Il existe une exception à ce qui précède : l’article D.IV.4, alinéa 3, du CoDT dispose que « la création d’une seule chambre occupée à titre de kot au sens du 7° chez l’habitant n’est pas soumise à permis ».

Enfin, en troisième lieu, le nouvel ensemble créé dans un bâtiment existant doit être « réservé en tout ou en partie à l’usage privatif et exclusif d’une ou de plusieurs personnes qui vivent ensemble, qu’elles soient unies ou non par un lien familial ».

Ce dernier critère renvoie ainsi à la notion de « ménage ». À cet égard, il convient de relever qu’il a déjà été jugé que le fait de prévoir plusieurs entités distinctes avec une ou plusieurs pièces communes dans un logement existant n’a pas pour effet de créer un nouveau logement si l’ensemble est destiné à être loué par le biais d’une colocation (C.E., n° 234.582, 28 avril 2016, VILLE DE LIÈGE).

II. Conclusions

Avant le 20 août 1994, aucun permis n’était requis pour créer un ou plusieurs logements dans un bâtiment existant et ce, pour autant que cette création ne nécessitait pas de réaliser des travaux de transformation pouvant, quant à eux, nécessiter un tel permis.

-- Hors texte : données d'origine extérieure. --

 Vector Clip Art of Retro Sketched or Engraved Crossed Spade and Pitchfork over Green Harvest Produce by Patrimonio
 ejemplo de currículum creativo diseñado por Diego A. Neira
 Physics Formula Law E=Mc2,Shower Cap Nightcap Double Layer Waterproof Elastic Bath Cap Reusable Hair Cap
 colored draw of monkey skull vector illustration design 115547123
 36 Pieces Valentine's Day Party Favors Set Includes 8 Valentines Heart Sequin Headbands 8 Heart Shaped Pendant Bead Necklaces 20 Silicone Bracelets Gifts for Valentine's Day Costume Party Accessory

À partir du 20 août 1994 jusqu’au 31 septembre 2002, un permis de bâtir était requis pour la création d’au moins deux logements dans un bâtiment existant. La particularité résidait dans ce qu’il ne fallait cependant pas de permis pour créer un seul logement dans un bâtiment qui n’en comportait aucun, sauf à considérer qu’il s’agit d’une modification de la destination dudit bâtiment ou sauf en cas de travaux de transformation.

À dater du 1er octobre 2002 jusqu’à ce jour, un permis d’urbanisme est requis pour « créer un nouveau logement dans une construction existante ». Il importe peu que cette construction comporte ou non déjà un logement. La création d’un seul logement suffit pour qu’un permis soit requis, que cette création implique ou non des travaux de transformation.

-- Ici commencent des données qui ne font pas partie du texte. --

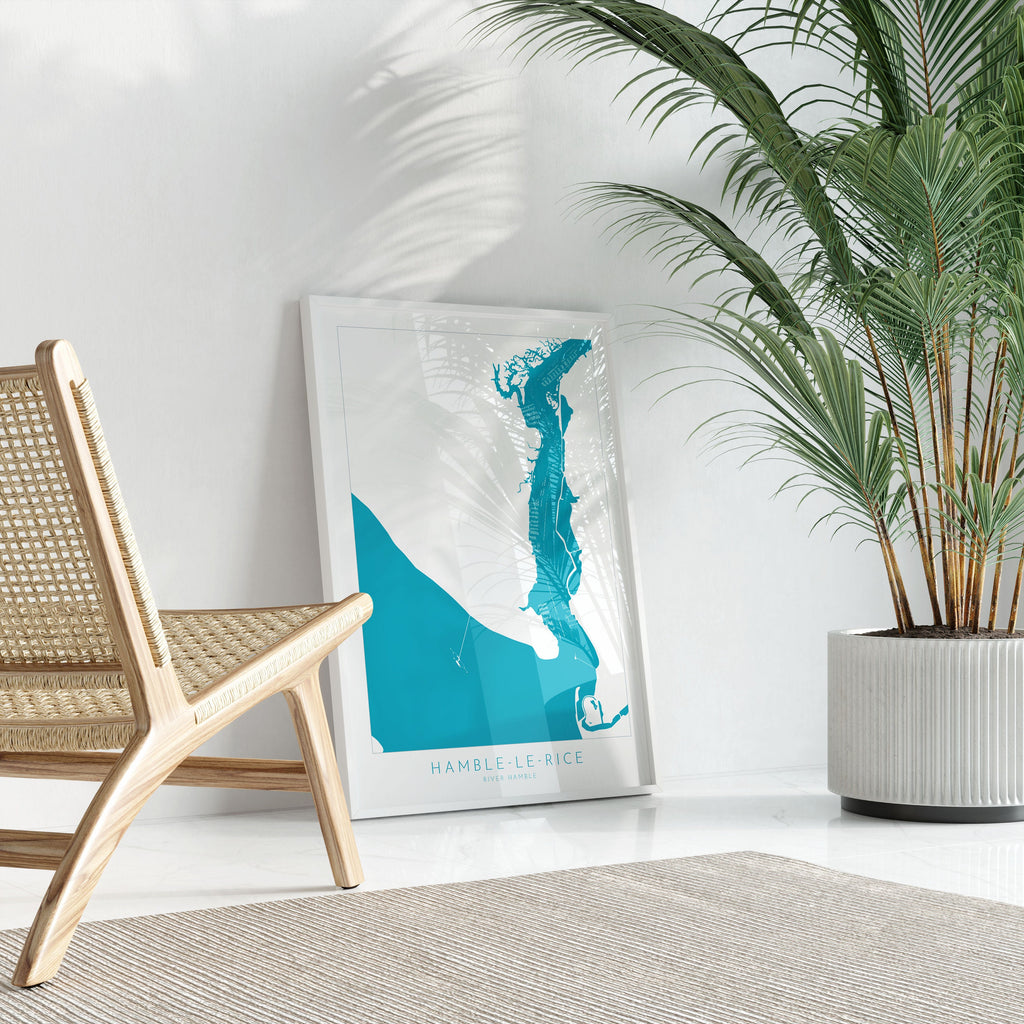 Hamble-le-Rice Map - River Hamble Map Art Print, Hampshire Map, Hamble Le Rice Map Art, Hampshire Art, Southampton Map, River Map Art, UK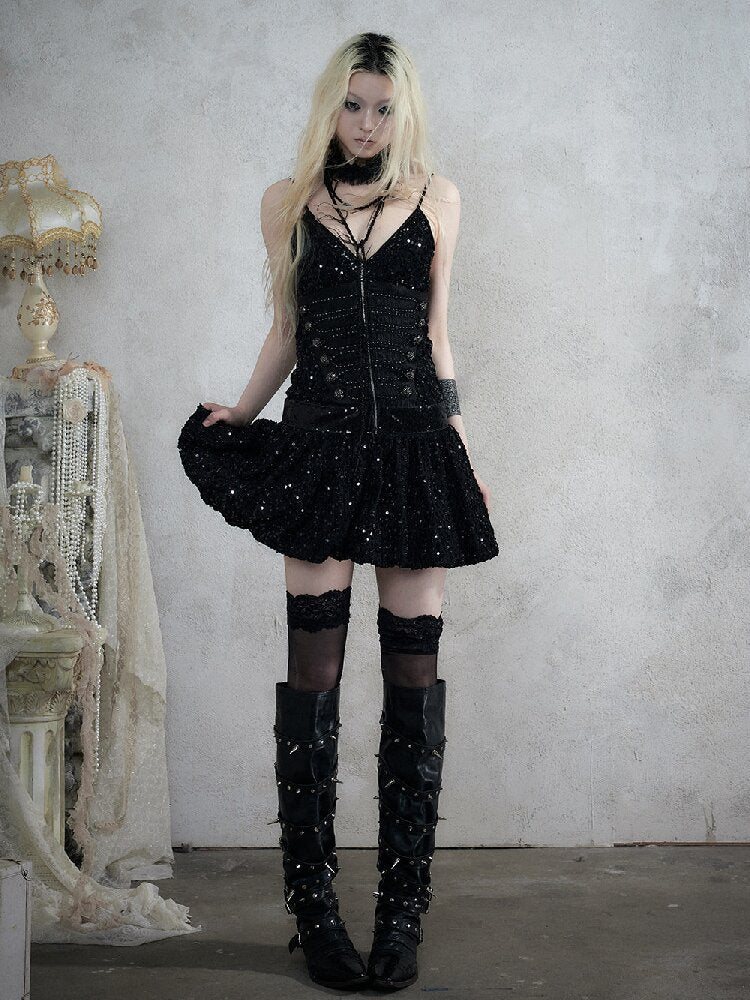 Vintage Court Punk Sequin Dress【s0000017858】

La date à laquelle le ou les logements sont créés n’est pas sans conséquence sur la nécessité ou non de l’obtention préalable d’un permis de bâtir ou d’urbanisme. En effet, il y a lieu de se placer au moment de leur création pour déterminer si un permis est ou était requis.

ATTENTION : à supposer qu’un ou plusieurs logements aient été créés sans permis alors que ce dernier était pourtant requis au moment de leur création, l’écoulement du temps n’a aucun effet sur le caractère infractionnel de cette situation.

Les dispositions du CoDT selon lesquelles l’écoulement du temps est susceptible d’empêcher des poursuites ont toutes été rendues inapplicables lorsque l’infraction consiste en la création d’un logement.